__YOUR INSTRUCTIONS__
Copy the lines below word for word, skipping any image.

__COLLECTED DATA__

------------------------------------------------

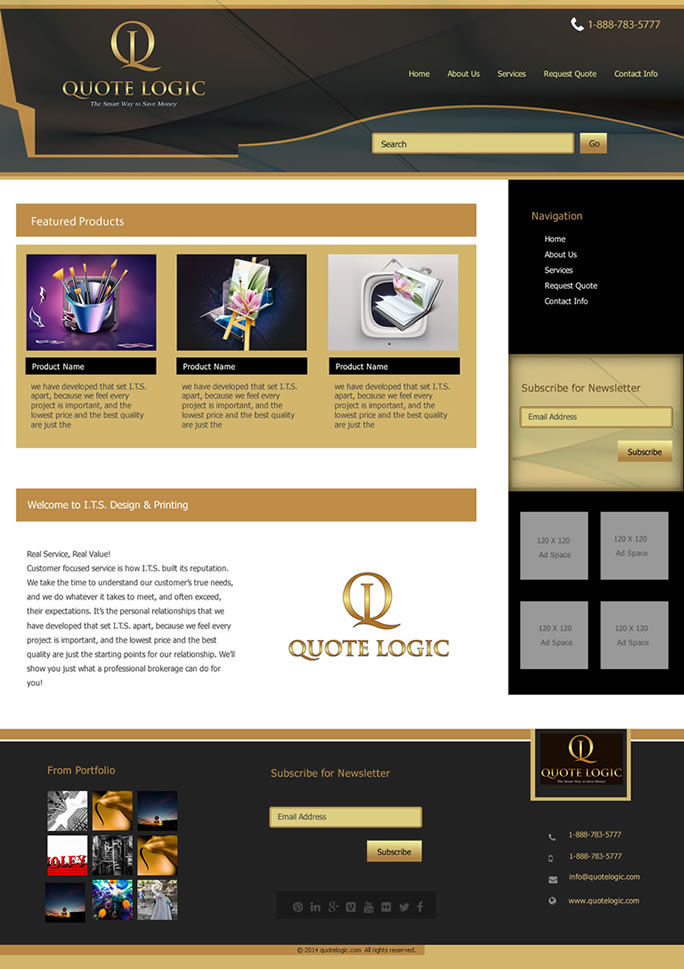 Web Design by 2redefine for this project | Design #4549135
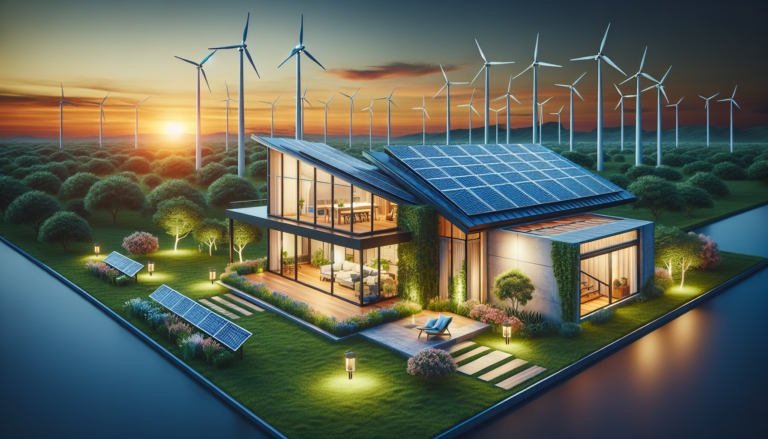 Empower Your Home with Off-Grid Power Systems: Achieve Energy Independence Now!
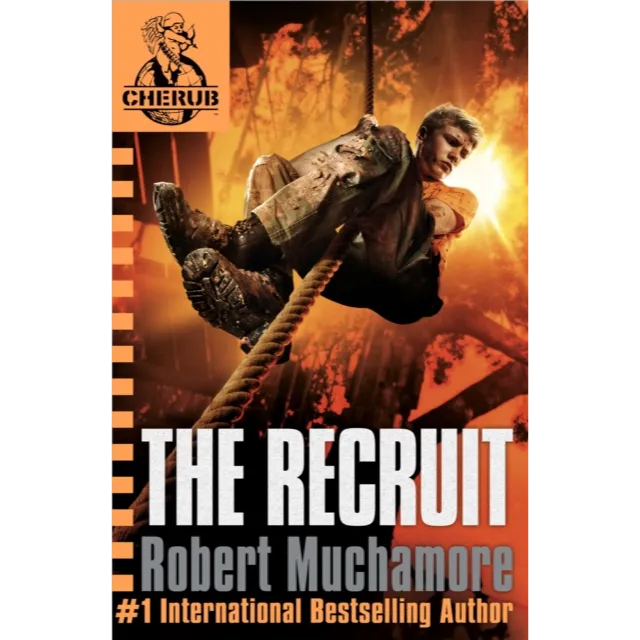 CHERUB 1 : The Recruit
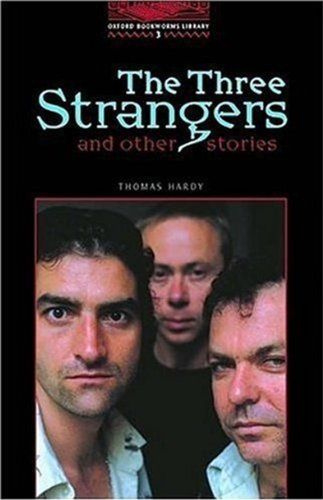 Бумажная книга «The Three Strangers and Other Stories», автор Томас Харди - фото №1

------------------------------------------------

__TASK RESULT__
 Web Design by 2redefine for this project | Design #4549135
 Empower Your Home with Off-Grid Power Systems: Achieve Energy Independence Now!
 CHERUB 1 : The Recruit
 Бумажная книга «The Three Strangers and Other Stories», автор Томас Харди - фото №1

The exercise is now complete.